C’est qu’en l’espace de quelques années, les friches, ces monstres de béton, d’acier et de briques au joli nom végétal, se sont muées en véritables mines d’or. Le regard que l’on portait sur elles s’est inversé. « Au début, explique  Emmanuel Brun, ingénieur chercheur spécialiste des friches industrielles, on ne se posait pas la question de leur devenir. Elles étaient là, point. » Une verrue dans le paysage urbain, un Ovni dans l’organisation de la ville que l’on refusait de voir, rappelant trop « le sang, la sueur, les larmes ». La cicatrice du chômage pas encore refermée, certains, dont d’anciens ouvriers « souhaitaient même qu’on les rase », précise Emmanuel Brun.

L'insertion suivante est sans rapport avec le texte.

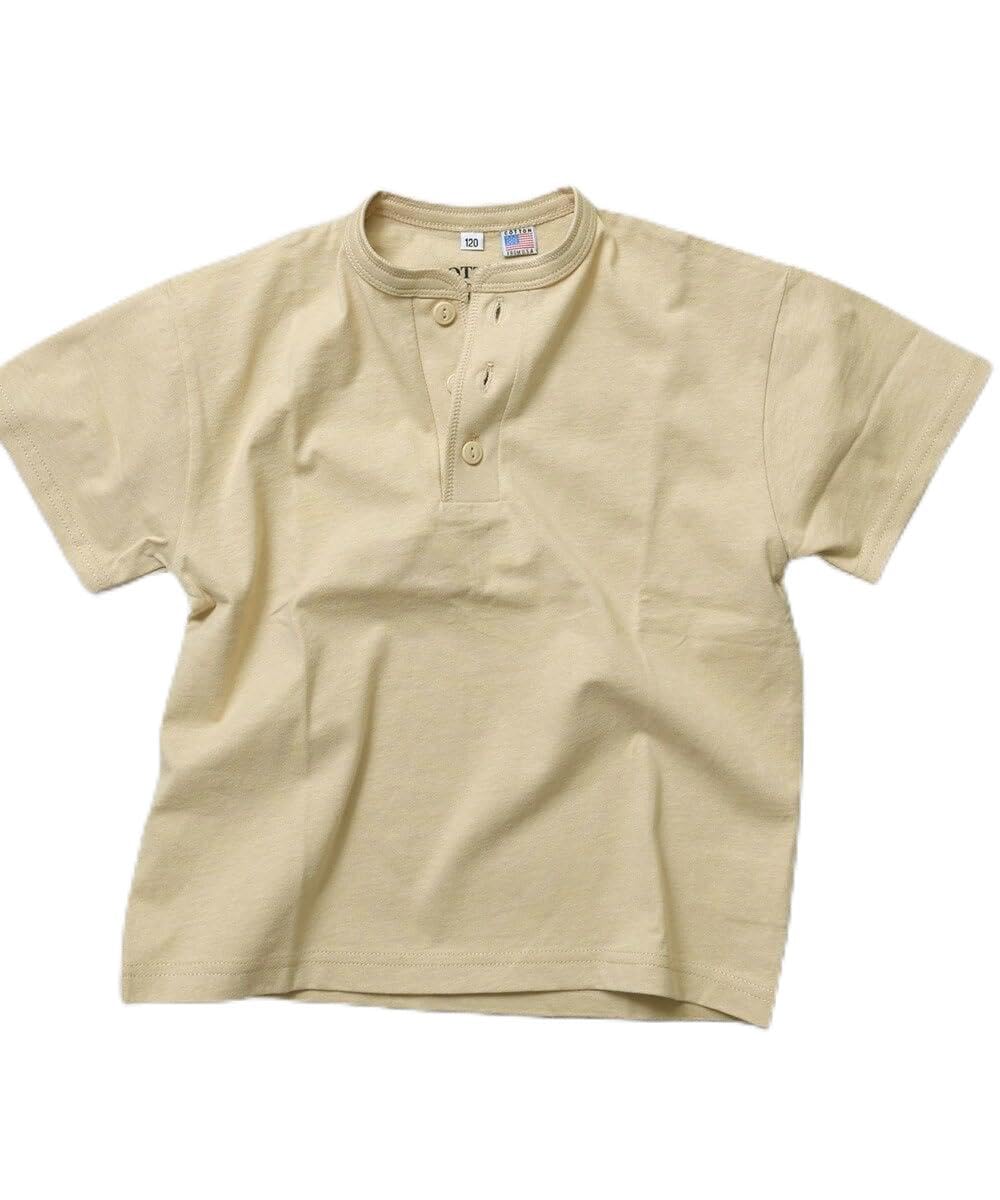 마키즈 COTTON from U.S.A 헨리넥 티셔츠 D20베이지 95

Contrairement à ce que l’on pourrait croire, « les raser n’était pas la solution la moins chère », assure le chercheur. De ces centaines d’hectares abandonnés, aux murs éventrés, machines à tisser retournées, charpentes affaissées et sols pollués au plomb et autres résidus chimiques, « il fallait faire quelque chose ». La meilleure idée ? « Y réimplanter des entreprises, idéal pour transformer au minimum » ces autels érigés à la gloire du Dieu Travail. En pratique, il était souvent difficile de trouver des repreneurs en phase avec l’activité passée du lieu.

Réhabilitées

Les anciennes usines ont finalement séduit un public inattendu.  Appâtés par les mètres carrés disponibles, en période de hausse des prix de l’immobilier, les promoteurs en ont fait des lofts. Avenue Jules-Guesde, à Roubaix, dans l’ancienne filature Leurent ou dans les murs de La Pie qui Chante, à Tourcoing, une nouvelle forme d’habitat a vu le jour, grand (rarement moins de 100 m2) et pas trop cher (1 300 euros le mètre viabilisé). Et les chantiers se sont multipliés: d’ici la fin de l’année, la Minoterie et la Teinturerie, deux friches roubaisiennes, suivront le même chemin. Fin 2008, quatre-vingt huit nouveaux lofts seront apparus à Tourcoing. Dans les vieux murs de briques rouges, les bobos auront bientôt remplacé les prolos. Sans parler des nombreuses transformations de friches en lieux culturels , qui ont changé la face de la métropole lilloise (les maisons folies de Wazemmes, Moulins, la Condition Publique à Roubaix, etc.).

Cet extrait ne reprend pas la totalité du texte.